ジョイントベンチャー(JV)とは、2つ以上の事業体の間で行われる協力関係のことで、多くの場合、新しいプロジェクトや事業活動を開始することを目的としています。各企業はジョイントベンチャーに資産を出資し、それに応じた利益、損失、コストに対する責任を分担します。JVは、不確実な市場においてリスクを共有したい企業や、大規模な資本投資のコストを分担したい企業にとって理想的な形態といえます。言いかえれば、これは戦略的成長のための非常に効率的な手段であり、新しい技術や現地におけるノウハウを迅速に手に入れることができます。
ハーバード・ビジネス・レビュー誌は、2020年までの過去35年間のジョイントベンチャーに関連する傾向を分析する調査を行いました。それによると、JVは景気後退後の回復期に最も活発に行われることが分かっています。JVは、資本の制約とリスクの最小化により、M&Aの有力な代替案と考えられています。
有機的成長と比較して、JVを通じた投資はより迅速にリターンを生み出すことができます。
近年、JVの人気は下火になっていましたが、特に新市場への進出を目指す多国籍企業やアジア企業の間で、復活の兆しを見せています。INREVの調査によると、世界の投資家の27%がジョイントベンチャーへの投資を増やすことを計画しています。
英国は、欧州での取引を目指すアジア企業にとって足がかりとなり得ます。ブレグジットにもかかわらず、英国は依然として欧州で最高額とされる日本からの海外直接投資を受けています。日本企業は通常、英国に地域本部を設立するか、企業を買収して市場に参入します。英国は世界有数の経済大国であり、世界銀行の調査によると、ビジネスの進めやすさで7位にランクインしています。高いスキルを備えた優秀な専門家、金融、ビジネスサービスへのアクセスが容易であり、アジアやアメリカとの貿易に便利なタイムゾーンであることからも、英国はアジア企業にとって最も魅力的な場所の一つとなっています。
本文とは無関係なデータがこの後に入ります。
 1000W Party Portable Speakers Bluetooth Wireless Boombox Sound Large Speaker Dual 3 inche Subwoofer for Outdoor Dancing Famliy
さらに、2020年10月、英国は日本と経済連携協定を締結しました。この協定は両経済圏に合わせたもので、デジタルやデータ、金融サービス、飲食、クリエイティブ産業などに大きなメリットをもたらすとされ、既存のEUの協定を超える協力関係が確保されています。
英国市場の制覇を目指し、買収よりも少ない投資で迅速な事業規模の拡大を目標とするアジア企業にとって、ジョイントベンチャーは最も都合のよい方法のひとつと言えるでしょう。現地企業とのJVは、両者が等しく成長の最大化を動機づけられるため、日本企業にとっても利益の増大を見込むことができます。このモデルでは、日本企業は、パートナーとなる企業の評判、既存の取引関係、流通網、規模の経済の可能性といった強みから恩恵を受けることができます。
このように、ジョイントベンチャーを通じて、海外の企業は、知識、現地市場のノウハウ、あるいは流通やマーケティングチャネルへの迅速なアクセスを得ることができます。これらのメリットは、ジョイントベンチャーを通じてリスクとコストを共有できない限り、機会を追求するのに必要な資本、資源、専門知識を持ちえない中小企業にとって極めて重要なものだといえます。